Closed Bug 34949 Opened 24 years ago Closed 24 years ago

Mork code is not 64 bit clean

Categories

(SeaMonkey :: General, defect, P3)

DEC
OSF/1
defect

Tracking

(Not tracked)

RESOLVED FIXED

People

(Reporter: jim_nance, Assigned: Bienvenu)

Details

Attachments

(4 files)

Running mozilla under Tru64 Unix generates unaligned access messages.
After looking at the code it appears that it makes assumptions that
are not valid on 64 bit machines.  For example, from mork.h:

    typedef unsigned long  mork_u4;  // make sure this is four bytes
    typedef long           mork_i4;  // make sure this is four bytes

Which I think is causing this problem:

Thread stopped on Unaligned Access
stopped at [void InitWeeBookAtom(class morkEnv*, const morkBuf&, class
morkAtomSpace*, mork_aid):495 0x30011042f9c]
    495   mAtom_Change = morkChange_kNil;
(ladebug) w
    490 void
    491 morkWeeBookAtom::InitWeeBookAtom(morkEnv* ev, const morkBuf& inBuf,
    492   morkAtomSpace* ioSpace, mork_aid inAid)
    493 {
    494   mAtom_Kind = 0;
>   495   mAtom_Change = morkChange_kNil;
    496   if ( ioSpace )
    497   {
    498     if ( inAid )
    499     {
(ladebug) p this
0x14017e054
(ladebug) 

Note that this is aligned on a 4 byte boundary, which is not appropriate for
a structure which contains longs, as this one mistakedly does.
I found some more stuff.  From db/mork/src/morkConfig.h:

/* ===== pooling ===== */

#define MORK_CONFIG_PTR_SIZE_4 1 /* sizeof(void*) == 4 */ 

//define MORK_CONFIG_ALIGN_8 1 /* must have 8 byte alignment */
Autoconfig should be setting up the stuff that is in the morkConfig.h
header, so I am adding cls to the CC list.
I changed the typedefs, and the defines to reflect the 64 bit hardware I am
running on, and that did not fix the unaligned access problems.  I just turned
off Arena support in Mork to see if that fixes the problem.

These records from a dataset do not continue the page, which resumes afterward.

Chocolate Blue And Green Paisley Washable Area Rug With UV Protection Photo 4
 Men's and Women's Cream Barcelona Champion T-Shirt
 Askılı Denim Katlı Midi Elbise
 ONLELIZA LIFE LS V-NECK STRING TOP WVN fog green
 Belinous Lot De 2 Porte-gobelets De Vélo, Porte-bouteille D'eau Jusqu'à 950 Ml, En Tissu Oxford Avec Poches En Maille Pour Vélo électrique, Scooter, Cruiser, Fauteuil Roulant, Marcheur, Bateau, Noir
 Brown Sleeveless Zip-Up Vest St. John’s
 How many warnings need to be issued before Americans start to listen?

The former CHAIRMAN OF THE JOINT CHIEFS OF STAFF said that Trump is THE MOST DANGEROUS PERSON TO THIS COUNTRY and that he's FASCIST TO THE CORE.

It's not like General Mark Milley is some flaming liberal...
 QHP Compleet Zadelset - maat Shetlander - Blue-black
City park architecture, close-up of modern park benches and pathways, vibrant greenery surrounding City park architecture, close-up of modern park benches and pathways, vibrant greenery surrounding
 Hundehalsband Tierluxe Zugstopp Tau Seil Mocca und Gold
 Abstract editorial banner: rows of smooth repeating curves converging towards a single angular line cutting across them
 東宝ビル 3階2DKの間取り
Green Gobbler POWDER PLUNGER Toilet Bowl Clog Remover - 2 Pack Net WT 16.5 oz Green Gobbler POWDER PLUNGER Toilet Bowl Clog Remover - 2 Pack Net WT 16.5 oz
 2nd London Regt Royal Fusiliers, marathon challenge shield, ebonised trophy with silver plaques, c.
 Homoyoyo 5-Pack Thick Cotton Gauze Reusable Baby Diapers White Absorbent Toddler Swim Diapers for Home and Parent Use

FWIW, this should be a problem under 64 bit AIX, IRIX, Solaris, & HPUX.  What
do those platforms do on unaligned accesses?
this bug belongs to david b, who is owning mork now.
Assignee: asadotzler → bienvenu
I'm not going to be able to do anything about this without some help from 
someone who knows about these 64 bit platforms.
wtc found some similar code in mdb.h

OK, but that doesn't help me :-(
bienvenu,
    The 64 bit problems are pretty simple.  Pointers and longs on 64 bit
platforms are 8 bytes instead of the usual 4 bytes.  If you look in
mork.h and mdb.h you will see comments where it is assumed that longs are
4 bytes.  The correct way to fix this is probably to change all the types
that assume a length to PRUint32 or PRInt16 or whatever PR type is appropriate.

Another issue is that there is a #define that is set if you have 4 byte
pointers.  This needs to be tied into the autoconf system somehow since
pointer size varies from platform to platform.

Finally there is the issue of alignment.  The address of a 64 bit
quantity like a pointer or a long must be divisible by 8.  If you use
new or malloc to obtain memory for your structures, this happens automatically.
Mork uses its own memory allocator, and it seems to align memory so that
it is divisable by 4 but not always by 8.  I dont know where this code
is and someone may need to track it down.  I have a report from wtc that
the unaligned access messages go away after fixing mdb.h, so that may have
fixed this problem.
using PR types is easy, now that I'm maintaining this code. I'll do that.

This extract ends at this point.